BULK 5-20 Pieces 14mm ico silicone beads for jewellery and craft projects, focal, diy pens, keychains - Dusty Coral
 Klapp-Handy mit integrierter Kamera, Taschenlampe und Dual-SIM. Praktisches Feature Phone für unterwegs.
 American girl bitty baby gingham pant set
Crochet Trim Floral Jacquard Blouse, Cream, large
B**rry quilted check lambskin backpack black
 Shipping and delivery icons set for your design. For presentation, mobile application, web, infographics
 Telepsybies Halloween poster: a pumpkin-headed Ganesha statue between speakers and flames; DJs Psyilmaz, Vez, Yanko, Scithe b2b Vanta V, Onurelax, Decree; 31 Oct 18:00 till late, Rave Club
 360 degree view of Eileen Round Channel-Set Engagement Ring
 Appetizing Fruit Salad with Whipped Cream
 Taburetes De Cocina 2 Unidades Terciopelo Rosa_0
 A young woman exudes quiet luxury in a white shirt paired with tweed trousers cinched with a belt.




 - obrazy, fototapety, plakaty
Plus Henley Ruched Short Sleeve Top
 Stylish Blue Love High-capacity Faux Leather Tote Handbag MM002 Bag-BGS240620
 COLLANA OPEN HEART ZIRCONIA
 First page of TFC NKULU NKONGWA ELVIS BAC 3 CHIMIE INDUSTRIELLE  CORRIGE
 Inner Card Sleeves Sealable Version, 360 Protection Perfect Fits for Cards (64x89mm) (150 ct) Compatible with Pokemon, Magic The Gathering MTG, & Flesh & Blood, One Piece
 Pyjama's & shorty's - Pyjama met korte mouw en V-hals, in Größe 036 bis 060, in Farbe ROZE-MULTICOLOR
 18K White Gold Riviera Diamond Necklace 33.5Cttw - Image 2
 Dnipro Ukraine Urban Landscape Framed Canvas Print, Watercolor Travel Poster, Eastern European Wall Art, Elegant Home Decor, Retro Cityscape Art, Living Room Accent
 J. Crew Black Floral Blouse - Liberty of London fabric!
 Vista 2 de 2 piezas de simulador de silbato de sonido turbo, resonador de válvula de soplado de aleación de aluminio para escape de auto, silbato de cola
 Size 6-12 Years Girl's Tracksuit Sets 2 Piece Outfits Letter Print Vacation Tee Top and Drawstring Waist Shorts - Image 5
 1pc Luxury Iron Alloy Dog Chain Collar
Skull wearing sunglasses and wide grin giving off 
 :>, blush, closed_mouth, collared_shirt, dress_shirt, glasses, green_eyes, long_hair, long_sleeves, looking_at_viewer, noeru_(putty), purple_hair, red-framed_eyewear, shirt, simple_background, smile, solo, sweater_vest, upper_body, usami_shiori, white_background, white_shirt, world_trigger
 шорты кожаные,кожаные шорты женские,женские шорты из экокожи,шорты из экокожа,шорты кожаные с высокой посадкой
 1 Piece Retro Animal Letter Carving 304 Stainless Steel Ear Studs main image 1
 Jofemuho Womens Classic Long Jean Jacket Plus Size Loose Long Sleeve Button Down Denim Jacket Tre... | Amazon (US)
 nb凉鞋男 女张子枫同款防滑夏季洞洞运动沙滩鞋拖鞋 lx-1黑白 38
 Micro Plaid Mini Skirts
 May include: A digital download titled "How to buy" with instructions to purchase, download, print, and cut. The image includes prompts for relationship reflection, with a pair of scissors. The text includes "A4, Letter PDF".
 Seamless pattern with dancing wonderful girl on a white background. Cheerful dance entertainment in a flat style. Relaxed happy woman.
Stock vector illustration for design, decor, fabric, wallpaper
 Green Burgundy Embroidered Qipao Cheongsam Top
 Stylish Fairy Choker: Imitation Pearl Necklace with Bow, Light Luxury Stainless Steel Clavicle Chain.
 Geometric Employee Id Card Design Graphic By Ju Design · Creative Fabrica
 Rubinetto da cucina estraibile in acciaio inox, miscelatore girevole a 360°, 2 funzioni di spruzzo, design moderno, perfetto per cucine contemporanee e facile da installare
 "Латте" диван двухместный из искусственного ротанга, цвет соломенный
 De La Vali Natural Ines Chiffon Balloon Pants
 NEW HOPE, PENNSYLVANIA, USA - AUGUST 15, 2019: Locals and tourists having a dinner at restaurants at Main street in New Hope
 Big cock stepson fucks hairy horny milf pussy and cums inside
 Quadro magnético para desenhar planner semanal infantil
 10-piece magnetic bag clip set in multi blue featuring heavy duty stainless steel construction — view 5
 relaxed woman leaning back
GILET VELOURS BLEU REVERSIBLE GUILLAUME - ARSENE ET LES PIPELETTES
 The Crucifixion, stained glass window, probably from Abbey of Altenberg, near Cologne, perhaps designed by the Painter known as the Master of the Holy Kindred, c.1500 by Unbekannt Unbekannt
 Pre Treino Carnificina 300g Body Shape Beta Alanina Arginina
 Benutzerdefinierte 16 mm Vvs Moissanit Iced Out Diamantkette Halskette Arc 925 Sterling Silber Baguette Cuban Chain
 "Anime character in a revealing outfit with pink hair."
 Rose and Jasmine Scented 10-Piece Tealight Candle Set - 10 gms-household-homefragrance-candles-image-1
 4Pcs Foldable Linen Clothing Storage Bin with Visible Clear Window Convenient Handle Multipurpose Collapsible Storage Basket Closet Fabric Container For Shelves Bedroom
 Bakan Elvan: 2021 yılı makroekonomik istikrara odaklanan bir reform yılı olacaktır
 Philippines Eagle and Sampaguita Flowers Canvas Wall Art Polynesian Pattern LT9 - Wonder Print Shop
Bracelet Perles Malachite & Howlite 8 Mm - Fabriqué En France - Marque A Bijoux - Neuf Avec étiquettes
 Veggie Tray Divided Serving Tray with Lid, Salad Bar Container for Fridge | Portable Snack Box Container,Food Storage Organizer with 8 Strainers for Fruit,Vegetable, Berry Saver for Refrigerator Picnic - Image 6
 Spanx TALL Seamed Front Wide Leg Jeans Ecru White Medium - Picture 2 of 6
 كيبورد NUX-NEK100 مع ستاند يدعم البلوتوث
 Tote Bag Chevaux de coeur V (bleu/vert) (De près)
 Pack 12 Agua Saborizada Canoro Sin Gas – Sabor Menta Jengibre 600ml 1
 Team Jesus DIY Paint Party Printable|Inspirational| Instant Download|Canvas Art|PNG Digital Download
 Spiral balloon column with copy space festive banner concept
◆ ◆ ◆ ◆ ◆ ◆ ◆
- _Work to be completed_: What you give back should be the full listing, copied exactly.

- _Solution for this exercise_:
BULK 5-20 Pieces 14mm ico silicone beads for jewellery and craft projects, focal, diy pens, keychains - Dusty Coral
 Klapp-Handy mit integrierter Kamera, Taschenlampe und Dual-SIM. Praktisches Feature Phone für unterwegs.
 American girl bitty baby gingham pant set
Crochet Trim Floral Jacquard Blouse, Cream, large
B**rry quilted check lambskin backpack black
 Shipping and delivery icons set for your design. For presentation, mobile application, web, infographics
 Telepsybies Halloween poster: a pumpkin-headed Ganesha statue between speakers and flames; DJs Psyilmaz, Vez, Yanko, Scithe b2b Vanta V, Onurelax, Decree; 31 Oct 18:00 till late, Rave Club
 360 degree view of Eileen Round Channel-Set Engagement Ring
 Appetizing Fruit Salad with Whipped Cream
 Taburetes De Cocina 2 Unidades Terciopelo Rosa_0
 A young woman exudes quiet luxury in a white shirt paired with tweed trousers cinched with a belt.




 - obrazy, fototapety, plakaty
Plus Henley Ruched Short Sleeve Top
 Stylish Blue Love High-capacity Faux Leather Tote Handbag MM002 Bag-BGS240620
 COLLANA OPEN HEART ZIRCONIA
 First page of TFC NKULU NKONGWA ELVIS BAC 3 CHIMIE INDUSTRIELLE  CORRIGE
 Inner Card Sleeves Sealable Version, 360 Protection Perfect Fits for Cards (64x89mm) (150 ct) Compatible with Pokemon, Magic The Gathering MTG, & Flesh & Blood, One Piece
 Pyjama's & shorty's - Pyjama met korte mouw en V-hals, in Größe 036 bis 060, in Farbe ROZE-MULTICOLOR
 18K White Gold Riviera Diamond Necklace 33.5Cttw - Image 2
 Dnipro Ukraine Urban Landscape Framed Canvas Print, Watercolor Travel Poster, Eastern European Wall Art, Elegant Home Decor, Retro Cityscape Art, Living Room Accent
 J. Crew Black Floral Blouse - Liberty of London fabric!
 Vista 2 de 2 piezas de simulador de silbato de sonido turbo, resonador de válvula de soplado de aleación de aluminio para escape de auto, silbato de cola
 Size 6-12 Years Girl's Tracksuit Sets 2 Piece Outfits Letter Print Vacation Tee Top and Drawstring Waist Shorts - Image 5
 1pc Luxury Iron Alloy Dog Chain Collar
Skull wearing sunglasses and wide grin giving off 
 :>, blush, closed_mouth, collared_shirt, dress_shirt, glasses, green_eyes, long_hair, long_sleeves, looking_at_viewer, noeru_(putty), purple_hair, red-framed_eyewear, shirt, simple_background, smile, solo, sweater_vest, upper_body, usami_shiori, white_background, white_shirt, world_trigger
 шорты кожаные,кожаные шорты женские,женские шорты из экокожи,шорты из экокожа,шорты кожаные с высокой посадкой
 1 Piece Retro Animal Letter Carving 304 Stainless Steel Ear Studs main image 1
 Jofemuho Womens Classic Long Jean Jacket Plus Size Loose Long Sleeve Button Down Denim Jacket Tre... | Amazon (US)
 nb凉鞋男 女张子枫同款防滑夏季洞洞运动沙滩鞋拖鞋 lx-1黑白 38
 Micro Plaid Mini Skirts
 May include: A digital download titled "How to buy" with instructions to purchase, download, print, and cut. The image includes prompts for relationship reflection, with a pair of scissors. The text includes "A4, Letter PDF".
 Seamless pattern with dancing wonderful girl on a white background. Cheerful dance entertainment in a flat style. Relaxed happy woman.
Stock vector illustration for design, decor, fabric, wallpaper
 Green Burgundy Embroidered Qipao Cheongsam Top
 Stylish Fairy Choker: Imitation Pearl Necklace with Bow, Light Luxury Stainless Steel Clavicle Chain.
 Geometric Employee Id Card Design Graphic By Ju Design · Creative Fabrica
 Rubinetto da cucina estraibile in acciaio inox, miscelatore girevole a 360°, 2 funzioni di spruzzo, design moderno, perfetto per cucine contemporanee e facile da installare
 "Латте" диван двухместный из искусственного ротанга, цвет соломенный
 De La Vali Natural Ines Chiffon Balloon Pants
 NEW HOPE, PENNSYLVANIA, USA - AUGUST 15, 2019: Locals and tourists having a dinner at restaurants at Main street in New Hope
 Big cock stepson fucks hairy horny milf pussy and cums inside
 Quadro magnético para desenhar planner semanal infantil
 10-piece magnetic bag clip set in multi blue featuring heavy duty stainless steel construction — view 5
 relaxed woman leaning back
GILET VELOURS BLEU REVERSIBLE GUILLAUME - ARSENE ET LES PIPELETTES
 The Crucifixion, stained glass window, probably from Abbey of Altenberg, near Cologne, perhaps designed by the Painter known as the Master of the Holy Kindred, c.1500 by Unbekannt Unbekannt
 Pre Treino Carnificina 300g Body Shape Beta Alanina Arginina
 Benutzerdefinierte 16 mm Vvs Moissanit Iced Out Diamantkette Halskette Arc 925 Sterling Silber Baguette Cuban Chain
 "Anime character in a revealing outfit with pink hair."
 Rose and Jasmine Scented 10-Piece Tealight Candle Set - 10 gms-household-homefragrance-candles-image-1
 4Pcs Foldable Linen Clothing Storage Bin with Visible Clear Window Convenient Handle Multipurpose Collapsible Storage Basket Closet Fabric Container For Shelves Bedroom
 Bakan Elvan: 2021 yılı makroekonomik istikrara odaklanan bir reform yılı olacaktır
 Philippines Eagle and Sampaguita Flowers Canvas Wall Art Polynesian Pattern LT9 - Wonder Print Shop
Bracelet Perles Malachite & Howlite 8 Mm - Fabriqué En France - Marque A Bijoux - Neuf Avec étiquettes
 Veggie Tray Divided Serving Tray with Lid, Salad Bar Container for Fridge | Portable Snack Box Container,Food Storage Organizer with 8 Strainers for Fruit,Vegetable, Berry Saver for Refrigerator Picnic - Image 6
 Spanx TALL Seamed Front Wide Leg Jeans Ecru White Medium - Picture 2 of 6
 كيبورد NUX-NEK100 مع ستاند يدعم البلوتوث
 Tote Bag Chevaux de coeur V (bleu/vert) (De près)
 Pack 12 Agua Saborizada Canoro Sin Gas – Sabor Menta Jengibre 600ml 1
 Team Jesus DIY Paint Party Printable|Inspirational| Instant Download|Canvas Art|PNG Digital Download
 Spiral balloon column with copy space festive banner concept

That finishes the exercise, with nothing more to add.